O apóstolo Tiago Menor, em sua Epístola Universal (Tiago 3:6) diz: "A língua é um pequeno membro, e gloria-se de grandes coisas. Vede quão grande bosque um pequeno fogo incendeia."

Logo a seguir diz: "A língua também é um fogo, como mundo de iniqüidade .. A língua está posta entre os nossos membros, e contamina todo o corpo e inflama o curso da natureza e o inflama pelo mal. Mas nenhum homem pode domar a língua. É um mal que não se pode refrear, está cheia de peçonha mortal. Com ela bendizemos a Deus, o Pai, e com ela amaldiçoamos os homens." (Tiago, 3:6-9)

Afirmando que uma mesma boca deita bênçãos e maldições, e uma mesma fonte não pode lançar água pura e água contaminada, o apóstolo faz severa admoestação aos que usam a sua língua de dois modos diversos e indevidos - os hipócritas, que fazem com que da mesma boca emanem palavras boas e confortadoras, mas também palavras escandalosas e ferinas .

A língua pode provocar escândalos que degeneram em dissensões, em discórdias, em desmoronamento de lares, em lutas fratricidas, em suicídios, em traições, em guerras e em toda uma gama de desvios.

Foi no tocante a isso que Jesus, em (Mateus, (5:37) diz:

"Seja, porém, o vosso falar: Sim, sim, não, não! Porque o que passa disso é de procedência maligna."

Dos lábios de Jesus sempre emanaram palavras dóceis e entrecortadas de convites à prática do bem e do amor sem limitações. Seus lábios somente pronunciaram palavras cortantes, quando tinha que verberar o procedimento dos Escribas, dos Fariseus e dos sacerdotes hipócritas que mistificavam e confundiam o povo menos esclarecido.

Não se deve fazer como muitos homens, dóceis e afáveis para com terceiros, mas no recôndito dos lares verdadeiros tiranos, que proferem palavras ásperas, imorais e cortantes, que ferem a dignidade e abalam a fibra dos que as ouvem.

As más palavras espargem antipatia, malquerência e até repelem os que querem aproximar-se mutuamente, ao passo que as palavras serenas, cordatas e amáveis atraem simpatia, bem-estar, e tornam as pessoas amigas, estrelaçando-as num elo de fraternidade e amor.

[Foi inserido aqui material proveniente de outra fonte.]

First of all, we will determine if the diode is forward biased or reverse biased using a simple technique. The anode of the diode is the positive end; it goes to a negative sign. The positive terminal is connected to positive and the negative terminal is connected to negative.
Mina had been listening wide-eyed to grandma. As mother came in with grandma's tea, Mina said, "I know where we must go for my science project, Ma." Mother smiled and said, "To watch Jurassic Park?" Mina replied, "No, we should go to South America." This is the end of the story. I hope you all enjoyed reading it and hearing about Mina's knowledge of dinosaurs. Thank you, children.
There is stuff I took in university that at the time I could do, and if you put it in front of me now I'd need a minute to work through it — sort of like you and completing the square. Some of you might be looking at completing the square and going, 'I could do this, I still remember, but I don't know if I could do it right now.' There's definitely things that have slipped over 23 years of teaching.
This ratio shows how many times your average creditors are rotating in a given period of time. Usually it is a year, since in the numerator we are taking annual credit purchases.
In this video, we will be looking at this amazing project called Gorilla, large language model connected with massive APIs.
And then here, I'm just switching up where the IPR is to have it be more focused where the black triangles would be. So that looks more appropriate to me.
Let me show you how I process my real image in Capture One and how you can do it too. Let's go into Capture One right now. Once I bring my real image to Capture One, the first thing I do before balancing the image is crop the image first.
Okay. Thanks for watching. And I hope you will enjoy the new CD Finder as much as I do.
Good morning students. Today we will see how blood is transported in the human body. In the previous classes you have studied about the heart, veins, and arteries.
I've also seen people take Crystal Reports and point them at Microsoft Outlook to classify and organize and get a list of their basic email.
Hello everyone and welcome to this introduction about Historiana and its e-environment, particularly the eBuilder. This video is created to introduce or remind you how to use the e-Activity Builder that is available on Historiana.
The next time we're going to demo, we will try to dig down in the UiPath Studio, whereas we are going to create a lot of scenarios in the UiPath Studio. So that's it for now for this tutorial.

Quando os Evangelhos falam em "quem com ferro fere, com ferro será ferido", isso significa que, em vidas futuras, as criaturas podem vir a ser feridas com os instrumentos ou com os órgãos com os quais feriram o seu semelhante. Essa sentença evangélica guarda íntimo parentesco com a lei de Ação e Reação, ou de Causa e Efeito.

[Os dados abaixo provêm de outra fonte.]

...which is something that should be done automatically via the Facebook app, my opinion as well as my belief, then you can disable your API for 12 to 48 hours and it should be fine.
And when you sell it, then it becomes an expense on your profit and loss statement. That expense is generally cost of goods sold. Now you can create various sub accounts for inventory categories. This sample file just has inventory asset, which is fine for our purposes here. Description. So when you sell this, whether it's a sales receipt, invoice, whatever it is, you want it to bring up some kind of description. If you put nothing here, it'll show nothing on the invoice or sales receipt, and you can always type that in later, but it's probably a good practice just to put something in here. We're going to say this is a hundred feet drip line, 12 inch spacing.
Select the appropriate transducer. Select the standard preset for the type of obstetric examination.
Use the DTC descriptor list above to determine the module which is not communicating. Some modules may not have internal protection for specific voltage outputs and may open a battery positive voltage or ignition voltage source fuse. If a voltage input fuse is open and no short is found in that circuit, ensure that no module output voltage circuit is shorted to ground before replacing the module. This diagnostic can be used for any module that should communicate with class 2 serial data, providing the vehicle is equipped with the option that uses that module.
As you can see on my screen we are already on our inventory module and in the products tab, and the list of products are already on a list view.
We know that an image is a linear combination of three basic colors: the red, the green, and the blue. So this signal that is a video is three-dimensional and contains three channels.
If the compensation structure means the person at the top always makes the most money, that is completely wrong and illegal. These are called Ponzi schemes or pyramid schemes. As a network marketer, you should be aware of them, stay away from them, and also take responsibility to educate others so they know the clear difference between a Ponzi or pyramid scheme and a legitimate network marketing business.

Ê lógico que a pessoa cuja língua tiver sido a causa de graves escândalos, de morticínio, de desmoronamento de lares, na vida subseqüente poderá nascer com mudez ou problema correlato. O Mestre disse: "É necessário que haja o escândalo, mas ai daquele por quem ele vier; seria preferível que se lhe atassem o pescoço, pesada mó de moinho e fosse atirado ao fundo do mar. "Por isso, devemos comedir nossas línguas, pondo-lhes um freio, o mesmo podendo-se dizer dos olhos, dos ouvidos, das dos pés, para evitarmos mutilações nas vidas porvindouras, evitando-se nascer cego, surdo, mudo ou mutilado dos pés, das mãos e de outros órgãos.

O homem deve ser coerente em sua linguagem, falando somente o que lhe parecer justo, e deixando de falar aquilo que possa ferir a sensibilidade de alguém. Deve-se abster de palavras imorais, torpes, malévolas, frívolas, as quais a nada conduzem. Deve, sim, procurar sempre pronunciar palavras edifícantes, que trazem a alegria, a conformação, que conseguem mesmo soerguer as criaturas decaídas.

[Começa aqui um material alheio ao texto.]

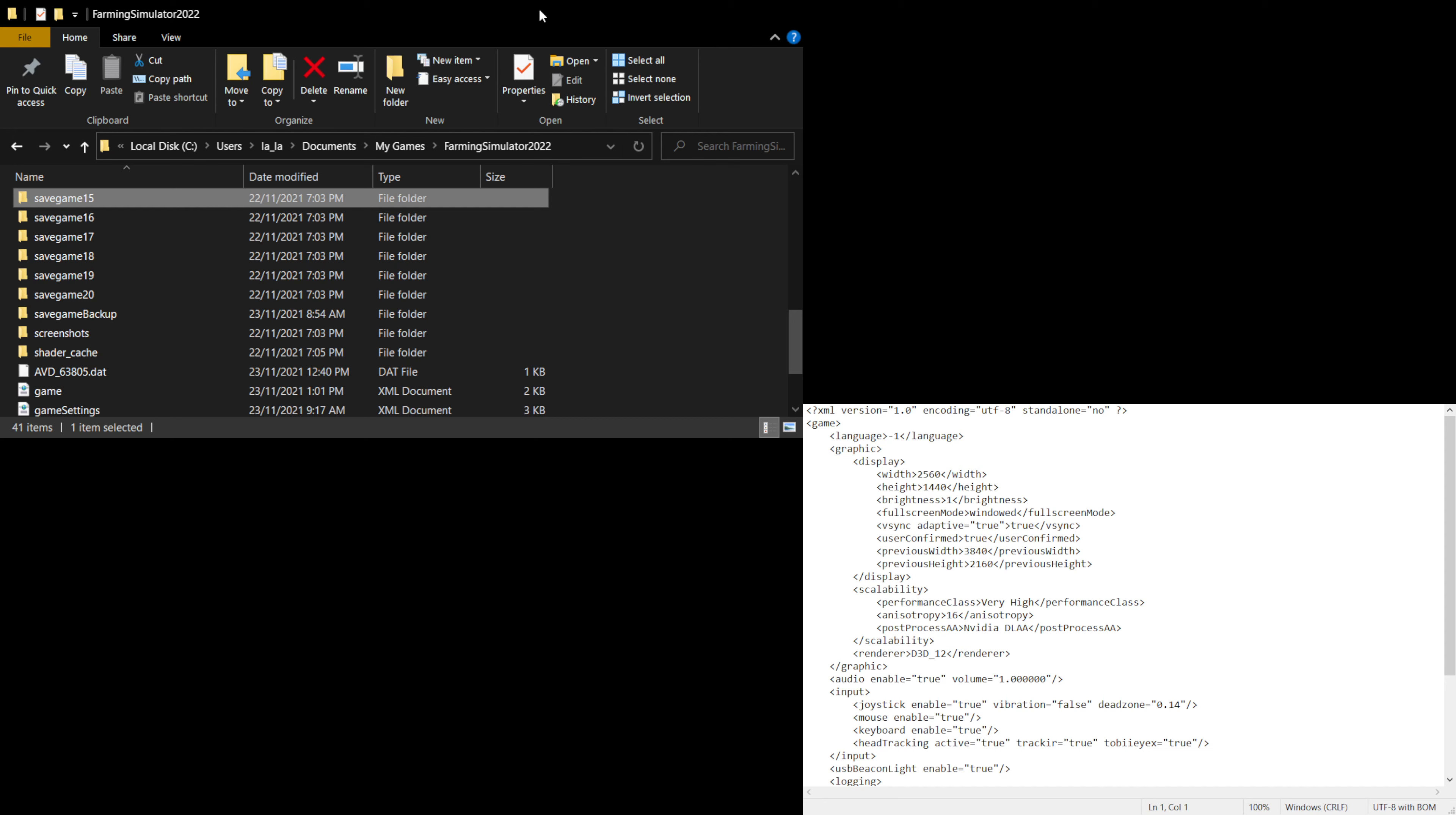Today, I'll be showing you how to bypass the Farming Simulator 22 frame rate cap. To do this, make sure your game is closed. If you have it open already, just close it.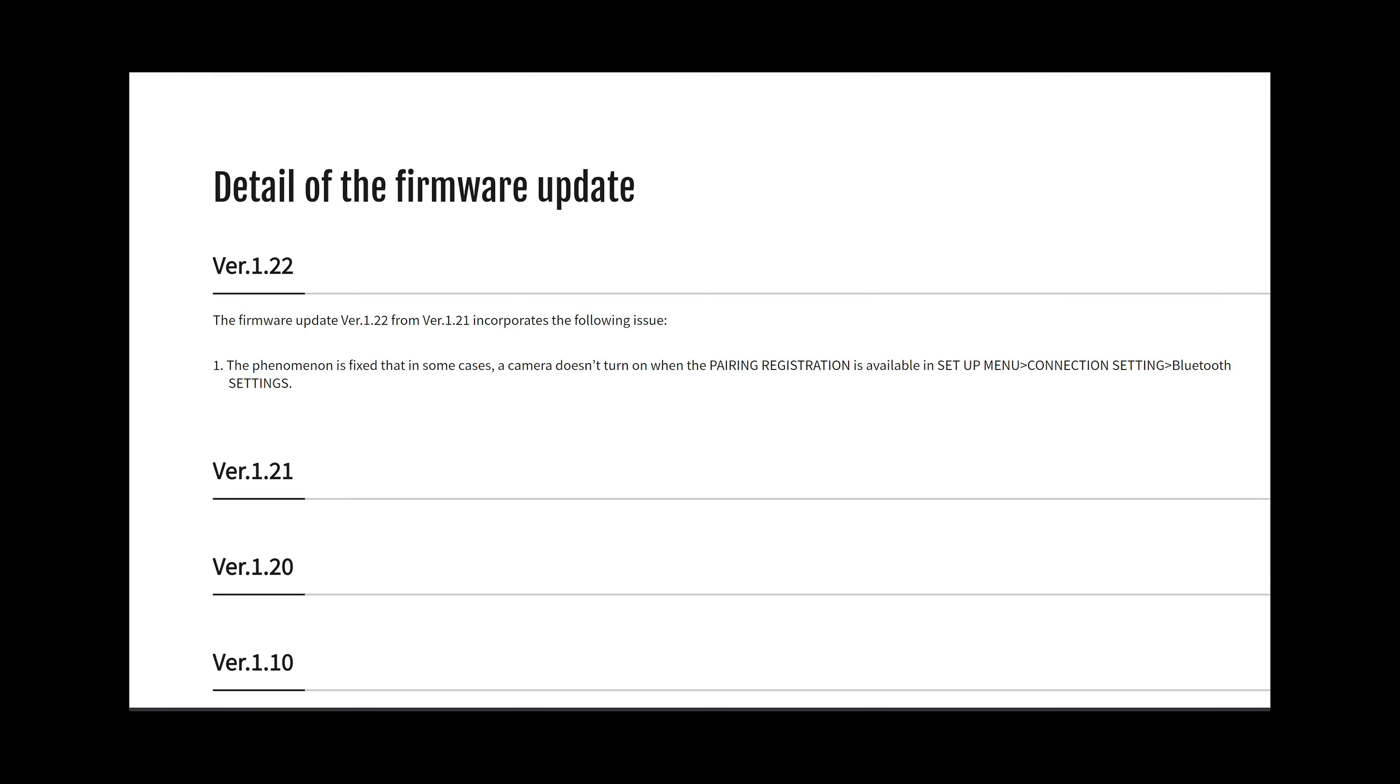Hello everyone! Fujifilm just released a new update. This update is actually a fix to the previous version where some users had freezing problems with their camera and they had to delete their Bluetooth pairings to fix the problem. This update is for X-T4, X-E4 and X-Pro3.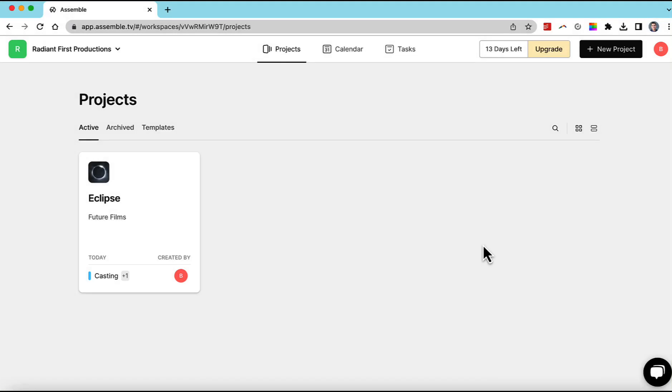In this video we're going to show you how to create a production calendar in less than a minute. I'm using assemble.tv and I'm in their dashboard.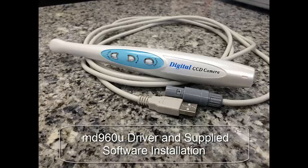In this video, we will install the driver for the MD960U intraoral camera. It's pretty easy, but worth going through step by step to make sure the driver is installed properly. I'm also going to show you how to check that the driver is working properly.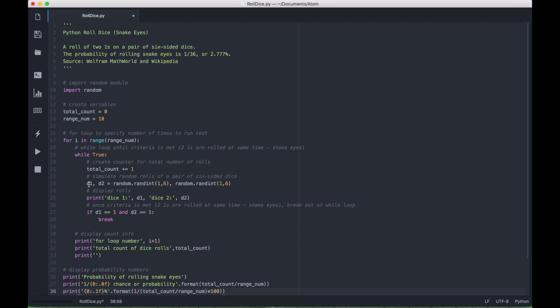And then next, we created our die or dice one and die or dice two to simulate the random rolls of a pair of six-sided dice. So we used our random module, and then we used the randint with the one and the six for die one, and the same thing for die two.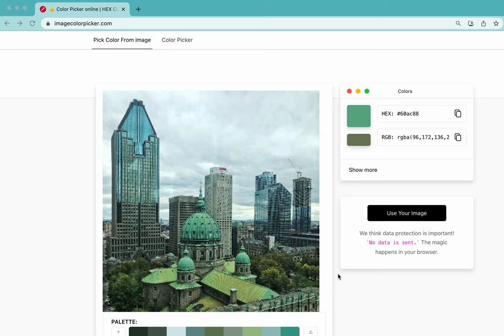To pick a color from a photograph, it's really easy. All you have to do is go to a website that allows you to upload a photograph. I'm going to use this one called imagecolorpicker.com.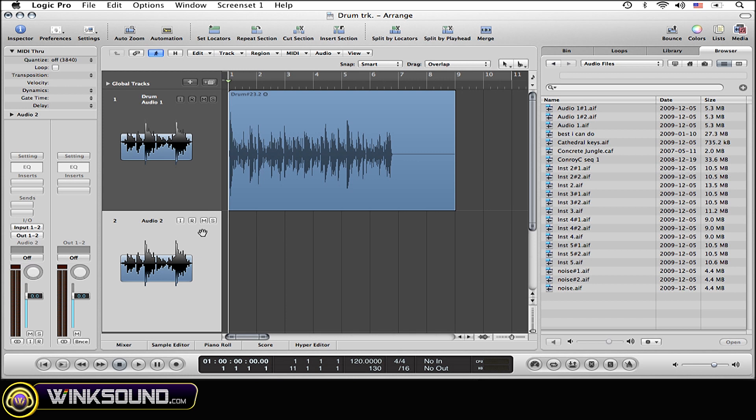So I got my empty track selected and now I want, let's see, Instrument 3. I want to import that, so I'm simply going to double click it.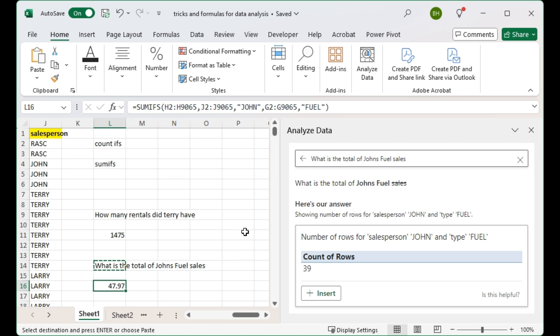So that's my tricks and formulas for data analysis. I will include these two formulas in the description — please subscribe.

Disse o Mestre (Mateus, 5:22): "Eu, porém, vos digo que, qualquer que, sem motivo, se encolerizar contra o seu irmão, será réu do juízo, e aquele que disser a seu irmão 'Raca' será réu do Sinédrio, e, qualquer que lhe disser 'louco', será réu de graves penalidades. "

Vê-se, portanto, a necessidade imperiosa de comedir-se o uso da língua, a fim de se evitarem problemas angustiantes no porvir.

A língua pode, conseqüentemente, ser uma fonte inesgotável de palavras de vida eterna, como também pode ser o foco de devastadores incêndios.